Finer than the Fréchet filter implies that $\mathcal{U}$ is free, otherwise there's be some unique $m \in \cap \mathcal{U}$. Then the ultrafilter space would not be Hausdorff, so "ugly" (we cannot separate $m$ from $\omega$). For a free ultrafilter the resulting space will be Hausdorff (separate $m$ from $\omega$ by $\{m\}$ and $\{\omega\} \cup \mathbb{N}\setminus \{m\}$, the last set being in the Fréchet filter) , even normal (Any Hausdorff set with only one non-isolated point). Hence the condition ,I think, it's to have a "nice" ultrafilter space.
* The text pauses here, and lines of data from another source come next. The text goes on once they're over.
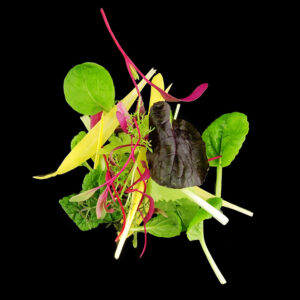 Pousse Tango Mesclun en folie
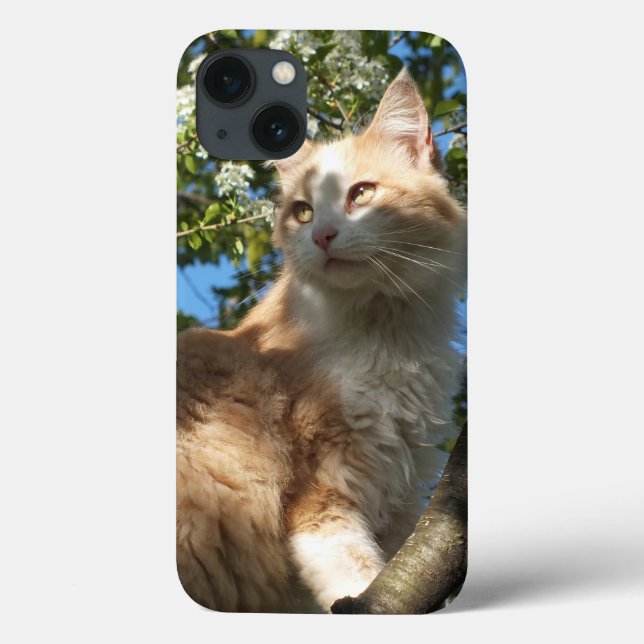 Sahara-Katze in einem iPad-Fall Case-Mate iPhone Hülle (Rückseite)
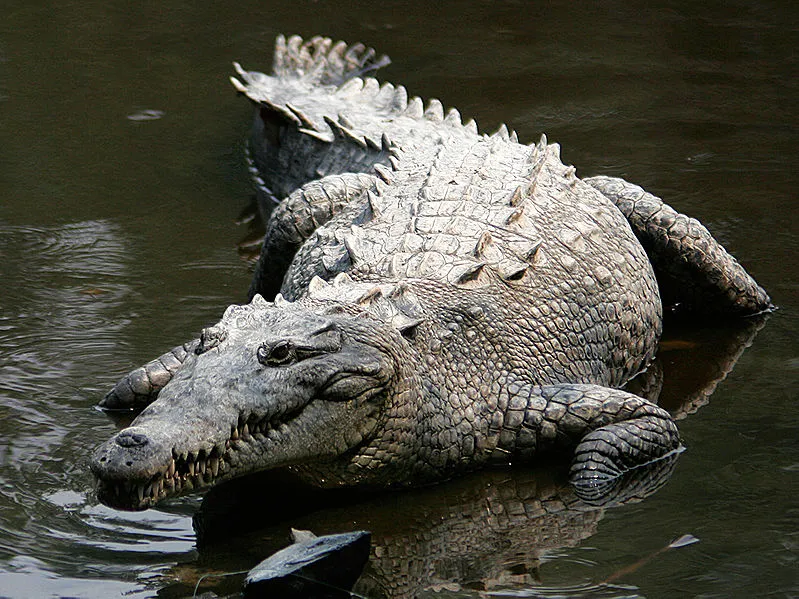 crocodile walking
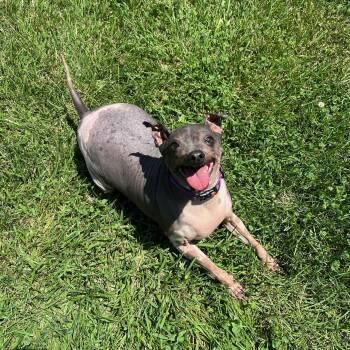 Rescue Chinese Crested Dog Dogs for Adoption in West Jefferson, Ohio - Baby | PetCurious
The convergence remark is rather easy to see: suppose $(x_n)$ is a sequence in $X$ where the range $R = \{x_n: n \in \mathbb{N}\}$ is infinite.
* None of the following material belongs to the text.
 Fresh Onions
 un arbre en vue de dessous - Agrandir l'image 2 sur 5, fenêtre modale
The only way a the sequence could converge to $p \in \mathbb{N}$ is when all $x_n$ from some $N$ onwards would equal $p$: definition of convergence applied to the open set $\{p\}$. But this would make $R = \{x_1, \ldots, x_N\}$ a finite set. On the other hand, divide $R$ into two disjoint infinite sets $R_1$ and $R_2$. Then either $R_1$ or its complement $\mathbb{N}\setminus R_1$ lies in $\mathcal{U}$, by a standard property of ultrafilters. If $R_1 \in \mathcal{U}$, the open set neighbourhood $R_1 \cup \{\omega\}$ misses infinitely many terms of the sequence, so the sequence cannot be eventually in his open set. The same argument applies to the open set $\mathbb{N}\setminus R_1 \cup\{\omega\}$ in the other case. This makes $X$ a basic example: $\omega \in \overline{\mathbb{N}}$ but no sequence from $\mathbb{N}$ can converge to $\omega$, which shows sequences are not enough to describe the topology even in nice (normal and Hausdorff) spaces like this $X$.
My question is as follows: why there is the need to assume that $\mathfrak U$ is an ultrafilter that is finer than the Fréchet filter. This seems unnecessary to me since the statement is true for any ultrafilter.